Today I thought I would be personal. I thought I’d share a bit about my story with Korea. And there are two reasons for this. For one, I encourage my students to share their stories, and so it seems I should be willing to do the same. The second reason is that you are probably reading about North Korea in the news almost daily. I pray hard, very hard, for wise and sound leadership from Kim Jeong-Un and from Donald Trump. Their decisions have the power to impact the neighborhood where I grew up, which you see in this picture here. It is but 35 miles from the DMZ demarcating the division between North and South Korea. That is Daeshin Methodist Church where I was baptized as an infant, actually before that building even existed, and behind it is my middle and high school, Kum Ran Girls School. Today I’d like to share with you a poem I learned as a 7th grader in that building. My 7th grade classroom was all the way in the back. We had 8 7th grade classrooms with 70 kids in each classroom. I learned a lot and I learned a lot of stories.

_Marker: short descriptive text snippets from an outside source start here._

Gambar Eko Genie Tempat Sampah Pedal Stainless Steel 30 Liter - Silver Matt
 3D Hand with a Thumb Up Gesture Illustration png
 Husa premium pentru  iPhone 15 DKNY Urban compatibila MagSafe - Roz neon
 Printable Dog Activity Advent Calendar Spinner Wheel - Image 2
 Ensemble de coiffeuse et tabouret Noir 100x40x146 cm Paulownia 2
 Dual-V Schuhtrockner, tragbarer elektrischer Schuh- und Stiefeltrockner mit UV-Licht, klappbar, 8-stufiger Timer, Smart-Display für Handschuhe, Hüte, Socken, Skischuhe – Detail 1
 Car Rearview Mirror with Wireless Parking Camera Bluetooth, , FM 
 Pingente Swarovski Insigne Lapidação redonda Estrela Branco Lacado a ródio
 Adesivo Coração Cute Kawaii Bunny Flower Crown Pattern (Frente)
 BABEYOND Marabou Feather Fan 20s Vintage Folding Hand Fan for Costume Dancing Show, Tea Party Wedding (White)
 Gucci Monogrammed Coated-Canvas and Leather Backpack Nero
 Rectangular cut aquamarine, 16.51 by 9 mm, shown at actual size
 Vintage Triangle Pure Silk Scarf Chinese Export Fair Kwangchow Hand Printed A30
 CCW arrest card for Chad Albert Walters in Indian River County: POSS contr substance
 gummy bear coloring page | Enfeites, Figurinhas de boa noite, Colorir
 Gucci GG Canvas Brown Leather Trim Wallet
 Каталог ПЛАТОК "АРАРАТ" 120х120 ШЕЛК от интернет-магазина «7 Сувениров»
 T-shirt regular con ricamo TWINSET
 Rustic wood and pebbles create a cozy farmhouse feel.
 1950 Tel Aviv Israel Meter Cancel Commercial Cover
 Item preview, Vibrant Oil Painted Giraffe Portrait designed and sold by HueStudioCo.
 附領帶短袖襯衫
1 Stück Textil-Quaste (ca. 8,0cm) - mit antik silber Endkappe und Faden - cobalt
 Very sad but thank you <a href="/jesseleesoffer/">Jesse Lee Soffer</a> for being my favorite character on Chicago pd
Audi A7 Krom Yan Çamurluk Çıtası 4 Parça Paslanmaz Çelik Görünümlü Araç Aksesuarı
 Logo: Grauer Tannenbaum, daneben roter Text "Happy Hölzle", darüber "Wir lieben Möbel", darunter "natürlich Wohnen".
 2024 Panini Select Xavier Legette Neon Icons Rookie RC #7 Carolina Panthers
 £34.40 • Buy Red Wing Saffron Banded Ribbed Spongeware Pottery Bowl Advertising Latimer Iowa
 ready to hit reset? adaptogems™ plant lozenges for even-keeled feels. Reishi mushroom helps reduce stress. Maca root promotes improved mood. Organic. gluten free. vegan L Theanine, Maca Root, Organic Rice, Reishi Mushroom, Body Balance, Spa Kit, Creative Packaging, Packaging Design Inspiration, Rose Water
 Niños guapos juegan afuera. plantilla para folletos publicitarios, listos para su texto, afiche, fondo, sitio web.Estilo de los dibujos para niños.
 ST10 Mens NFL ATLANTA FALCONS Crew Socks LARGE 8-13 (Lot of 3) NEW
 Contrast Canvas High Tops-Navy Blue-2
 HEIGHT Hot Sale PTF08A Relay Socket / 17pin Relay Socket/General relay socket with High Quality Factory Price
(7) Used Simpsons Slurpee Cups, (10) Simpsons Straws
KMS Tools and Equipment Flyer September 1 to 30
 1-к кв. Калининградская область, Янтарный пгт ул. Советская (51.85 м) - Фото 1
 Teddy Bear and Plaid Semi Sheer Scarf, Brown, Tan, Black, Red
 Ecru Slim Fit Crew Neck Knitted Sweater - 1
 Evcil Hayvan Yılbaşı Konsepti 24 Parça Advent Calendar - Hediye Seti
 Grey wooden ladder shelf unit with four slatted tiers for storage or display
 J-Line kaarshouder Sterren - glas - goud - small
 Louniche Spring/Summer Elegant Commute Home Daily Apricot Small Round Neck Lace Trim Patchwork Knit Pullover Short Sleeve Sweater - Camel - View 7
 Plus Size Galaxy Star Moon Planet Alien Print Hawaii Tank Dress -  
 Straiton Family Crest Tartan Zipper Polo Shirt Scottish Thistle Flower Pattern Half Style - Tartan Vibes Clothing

The poem that I will share with you is by Yun Dong Ju, or Barron Yun, who was a member of the Korean nobility. He lived through the Japanese occupation of Korea and died just before the Korean people had their first taste of liberation in 1945. Barron Yun was a scholar, a patriot, and also a strong Methodist lay-leader. This is his poem.
죽는 날까지 하늘을 우러러
한 점 부끄럼이 없기를,
잎새에 이는 바람에도
별을 노래하는 마음으로
모든 죽어 가는 것을 사랑해야지
그리고 나한테 주어진 길을
오늘밤에도 별이 바람에 스치운다.
as the wind carried the leaf,
that I would live until my dying day,
without one drop of shame.
Let me love all things that will die
with a heart that sings of the stars.
And let me walk
the path I have been given.
the stars know the touch of the wind.
When I was first introduced to this poem by my humanities teacher, it stood tall for me as a call to conscience. I don’t go to Kum Ran Girls’ School anymore, but I’m still in school, where the stars shine bright at night and where the call to conscience is loud.
Yes, at NMH, the call to conscience is loud. It keeps me alert. It is why I am here. It is why we ask difficult questions of our students and it is why we hold our breath for them to find their answers. It is why we feel pain when collectively we have not done the right thing and have hurt others. It is why I hope you will join me in praying for the Korean peninsula. But the call to conscience is also why we get up each day and try again, this time to do better than yesterday. It is why each day we resolve to love all things that will die with a heart that sings of the stars. Thank you.